Lot 12
  • 12

Illustrated Sefer Evronot, [Germany]: 1668

Estimate
20,000 - 30,000 USD
bidding is closed

Description

  • ink, paper, leather
71 leaves (8 x 6 1/4 in.; 202 x 160 mm). Written in brown ink on paper in Ashkenazic semi-cursive Hebrew script; some headings in square script; with decorated initial word panels, a few decorated initial letters, as well as numerous charts and illustrations, some hand colored in green and red washes. Contemporary foliation in ink using Hebrew letters, 1-60, 1-11; modern foliation, 1-71, in pencil. Folio 24 with triple-dial volvelles on both recto and verso, smallest dial is detached but present; f. 23 with single-dial volvelles on recto and verso, from a printed edition. Browning, soiling and light staining. Dampstain with loss to inside margin f. 21, repaired, affecting some text on ff. 21-22. Outer margin f. 48 torn away not affecting text; a few other marginal tears. Early vellum, illustrated with a set of scales, a sword, and the astrological glyph for Libra; soiled.

Provenance

Ber of Fulda- his inscription on cover

Literature

Elisheva Carlebach, Palaces of Time: Jewish Calendar and Culture in Early Modern Europe, Harvard University Press: 2011; Joshua Straus, Calculating Celestial Cycles, Courses and Conjunctions: An Introduction to Sifrei Evronot ,Washington University: 2006; Barry B. Levy, Planets, Potions and Parchments: Scientifica Hebraica from the Dead Sea Scrolls to the Eighteenth Century, Montreal: 1990.

Catalogue Note

As early as the twelfth century in medieval Ashkenaz, small treatises concerning calendar calculation had been included as parts of larger liturgical works. In the late fifteenth or early sixteenth century, elaborated versions of the text began to appear as a self-standing genre. These new examples, called  Evronot, contained the information and rules necessary for fixing the Jewish calendar. Based on lunations (time between new moons), these computations determined the lengths of individual months, the scheduled intercalation of leap years, the solstices and equinoxes that begin each of the four seasons, and by extension, the dates of all holidays of the Jewish liturgical year. Evronot often included midrashic material attesting to the antiquity, divine provenance, and uniqueness of the Jewish calendation system. By the mid-sixteenth century, scribes and artists begin to illustrate these volumes in a distinct fashion. As a result, aside from their practical use as sources of calendrical information, manuscripts of this type served as vehicles for the transmission of folk-art motifs.

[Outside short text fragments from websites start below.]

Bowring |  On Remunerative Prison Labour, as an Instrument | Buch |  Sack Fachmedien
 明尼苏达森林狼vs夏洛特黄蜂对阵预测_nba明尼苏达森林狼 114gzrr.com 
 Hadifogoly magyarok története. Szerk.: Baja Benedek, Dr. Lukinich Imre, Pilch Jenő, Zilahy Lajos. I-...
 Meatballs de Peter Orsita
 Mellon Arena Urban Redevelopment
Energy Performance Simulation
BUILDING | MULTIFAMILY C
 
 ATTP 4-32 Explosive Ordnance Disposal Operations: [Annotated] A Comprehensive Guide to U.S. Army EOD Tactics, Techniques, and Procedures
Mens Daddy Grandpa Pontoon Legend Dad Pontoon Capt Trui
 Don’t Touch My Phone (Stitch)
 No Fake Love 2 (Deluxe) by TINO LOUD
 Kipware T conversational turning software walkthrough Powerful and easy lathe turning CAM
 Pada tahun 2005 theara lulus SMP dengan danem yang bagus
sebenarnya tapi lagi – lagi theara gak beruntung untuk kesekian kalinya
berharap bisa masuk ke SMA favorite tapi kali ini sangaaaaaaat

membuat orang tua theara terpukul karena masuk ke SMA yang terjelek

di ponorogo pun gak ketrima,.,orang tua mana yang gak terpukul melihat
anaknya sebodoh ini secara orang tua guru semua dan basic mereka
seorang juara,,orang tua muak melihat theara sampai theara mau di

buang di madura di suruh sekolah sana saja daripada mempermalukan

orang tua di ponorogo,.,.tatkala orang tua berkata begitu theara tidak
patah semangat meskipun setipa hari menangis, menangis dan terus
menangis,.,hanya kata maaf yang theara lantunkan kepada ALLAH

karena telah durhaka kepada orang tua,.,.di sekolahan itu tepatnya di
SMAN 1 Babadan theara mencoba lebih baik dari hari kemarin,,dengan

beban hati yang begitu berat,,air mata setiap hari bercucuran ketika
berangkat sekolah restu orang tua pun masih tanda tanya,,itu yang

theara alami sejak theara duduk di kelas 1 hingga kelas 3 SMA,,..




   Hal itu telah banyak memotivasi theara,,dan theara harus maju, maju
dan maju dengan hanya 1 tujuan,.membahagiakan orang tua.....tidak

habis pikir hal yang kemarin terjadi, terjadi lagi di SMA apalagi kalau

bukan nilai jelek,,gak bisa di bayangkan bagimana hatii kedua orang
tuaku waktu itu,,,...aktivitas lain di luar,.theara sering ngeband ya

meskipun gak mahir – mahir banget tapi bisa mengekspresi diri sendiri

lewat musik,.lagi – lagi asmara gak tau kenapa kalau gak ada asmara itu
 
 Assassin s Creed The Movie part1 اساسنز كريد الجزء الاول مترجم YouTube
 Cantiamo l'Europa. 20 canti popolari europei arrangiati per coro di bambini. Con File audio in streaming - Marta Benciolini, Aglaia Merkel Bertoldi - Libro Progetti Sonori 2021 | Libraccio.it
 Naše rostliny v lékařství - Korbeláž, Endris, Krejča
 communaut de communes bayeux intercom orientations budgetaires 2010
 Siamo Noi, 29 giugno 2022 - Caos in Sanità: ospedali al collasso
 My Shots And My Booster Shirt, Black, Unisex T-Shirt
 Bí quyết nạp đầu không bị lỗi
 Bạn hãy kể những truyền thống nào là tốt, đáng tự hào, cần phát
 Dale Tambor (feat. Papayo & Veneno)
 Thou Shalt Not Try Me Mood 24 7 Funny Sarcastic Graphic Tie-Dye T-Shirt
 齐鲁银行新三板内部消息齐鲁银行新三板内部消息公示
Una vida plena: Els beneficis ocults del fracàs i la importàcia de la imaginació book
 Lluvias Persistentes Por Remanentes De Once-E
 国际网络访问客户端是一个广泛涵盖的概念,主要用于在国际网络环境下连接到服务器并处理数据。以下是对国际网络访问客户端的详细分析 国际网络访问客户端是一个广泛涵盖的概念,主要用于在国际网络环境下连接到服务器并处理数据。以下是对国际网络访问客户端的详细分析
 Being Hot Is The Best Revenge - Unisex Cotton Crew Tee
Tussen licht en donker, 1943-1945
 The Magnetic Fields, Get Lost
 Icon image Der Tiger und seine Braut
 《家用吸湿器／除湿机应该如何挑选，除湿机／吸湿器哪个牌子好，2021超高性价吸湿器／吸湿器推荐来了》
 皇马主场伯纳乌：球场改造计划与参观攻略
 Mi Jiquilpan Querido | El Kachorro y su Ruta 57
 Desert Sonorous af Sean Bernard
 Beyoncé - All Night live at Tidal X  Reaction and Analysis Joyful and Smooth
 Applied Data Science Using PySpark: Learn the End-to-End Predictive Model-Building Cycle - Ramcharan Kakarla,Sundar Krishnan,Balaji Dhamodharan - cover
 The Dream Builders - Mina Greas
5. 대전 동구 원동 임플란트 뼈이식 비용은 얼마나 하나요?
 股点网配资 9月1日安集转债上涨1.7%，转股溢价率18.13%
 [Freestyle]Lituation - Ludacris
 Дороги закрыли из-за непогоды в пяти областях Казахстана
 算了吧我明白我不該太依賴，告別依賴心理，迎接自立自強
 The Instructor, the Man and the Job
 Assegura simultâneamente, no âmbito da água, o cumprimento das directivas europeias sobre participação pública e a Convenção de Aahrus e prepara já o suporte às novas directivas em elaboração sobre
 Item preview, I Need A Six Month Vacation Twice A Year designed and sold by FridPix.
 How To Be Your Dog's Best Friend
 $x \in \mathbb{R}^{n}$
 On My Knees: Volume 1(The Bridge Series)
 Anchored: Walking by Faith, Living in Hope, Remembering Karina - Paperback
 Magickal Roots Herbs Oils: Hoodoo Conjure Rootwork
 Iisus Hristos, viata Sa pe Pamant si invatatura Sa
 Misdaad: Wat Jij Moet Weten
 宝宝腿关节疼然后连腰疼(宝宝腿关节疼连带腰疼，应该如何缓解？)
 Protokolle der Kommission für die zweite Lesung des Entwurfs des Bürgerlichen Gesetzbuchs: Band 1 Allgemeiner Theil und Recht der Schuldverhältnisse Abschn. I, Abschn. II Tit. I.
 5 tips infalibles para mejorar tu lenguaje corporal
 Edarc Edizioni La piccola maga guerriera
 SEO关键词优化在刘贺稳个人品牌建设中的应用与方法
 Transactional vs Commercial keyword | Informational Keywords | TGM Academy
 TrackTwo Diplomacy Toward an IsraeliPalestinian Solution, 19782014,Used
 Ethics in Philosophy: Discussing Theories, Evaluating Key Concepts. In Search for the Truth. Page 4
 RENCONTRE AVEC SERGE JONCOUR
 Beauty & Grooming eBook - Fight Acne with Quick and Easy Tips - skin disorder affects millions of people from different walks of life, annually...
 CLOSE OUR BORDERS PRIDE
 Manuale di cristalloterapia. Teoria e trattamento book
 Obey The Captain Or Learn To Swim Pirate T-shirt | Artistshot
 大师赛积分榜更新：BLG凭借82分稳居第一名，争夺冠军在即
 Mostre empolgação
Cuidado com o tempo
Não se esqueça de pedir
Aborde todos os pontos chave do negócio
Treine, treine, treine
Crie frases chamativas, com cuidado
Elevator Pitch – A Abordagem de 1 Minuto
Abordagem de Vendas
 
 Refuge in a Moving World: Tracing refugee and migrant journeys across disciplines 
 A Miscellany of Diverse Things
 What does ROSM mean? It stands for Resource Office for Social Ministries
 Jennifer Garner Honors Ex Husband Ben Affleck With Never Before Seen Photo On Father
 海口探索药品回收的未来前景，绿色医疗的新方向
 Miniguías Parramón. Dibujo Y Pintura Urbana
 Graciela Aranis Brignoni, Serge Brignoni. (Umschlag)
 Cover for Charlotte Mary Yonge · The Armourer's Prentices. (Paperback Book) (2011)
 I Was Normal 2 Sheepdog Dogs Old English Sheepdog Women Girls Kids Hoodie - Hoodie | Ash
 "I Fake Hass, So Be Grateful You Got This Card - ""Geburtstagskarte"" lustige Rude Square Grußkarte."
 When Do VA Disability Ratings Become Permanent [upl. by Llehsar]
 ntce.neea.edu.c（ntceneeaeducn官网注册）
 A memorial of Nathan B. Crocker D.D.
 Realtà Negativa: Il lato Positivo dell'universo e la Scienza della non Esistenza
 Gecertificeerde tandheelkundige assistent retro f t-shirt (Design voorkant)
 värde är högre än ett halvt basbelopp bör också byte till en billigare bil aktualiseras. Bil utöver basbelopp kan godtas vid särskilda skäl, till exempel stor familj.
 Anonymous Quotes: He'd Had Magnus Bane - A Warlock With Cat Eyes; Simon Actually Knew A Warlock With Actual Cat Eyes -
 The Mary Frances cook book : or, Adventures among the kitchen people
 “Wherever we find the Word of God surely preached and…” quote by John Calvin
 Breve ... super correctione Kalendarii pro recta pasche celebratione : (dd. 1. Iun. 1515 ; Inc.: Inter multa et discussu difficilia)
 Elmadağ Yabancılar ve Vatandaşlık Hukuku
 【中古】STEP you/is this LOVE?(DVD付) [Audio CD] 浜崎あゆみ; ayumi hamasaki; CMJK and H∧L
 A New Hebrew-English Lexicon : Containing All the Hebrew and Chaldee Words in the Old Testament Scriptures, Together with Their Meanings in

Jews in the late Middle Ages and early Modern period, particularly those whose livelihood was bound up in commercial trade, were required to be able to effectively interact with their Christian neighbors. This necessitated a working knowledge of the general outlines of the Christian calendar in addition to their own. Accordingly, this volume includes charts containing the months and fixed saints' days of the Christian ecclesiastical year as well as the dates of important trade fairs, such as the annual Frankfurter Messe. The dates of such fixed observances such as the solstices, also incorporated, indicate that the Gregorian calendar reforms which were inaugurated in 1582 had not yet been enacted in the region where this Evronot  was produced in 1668. An ownership note on the vellum binding suggests that this work may have been made in Fulda, in Hesse.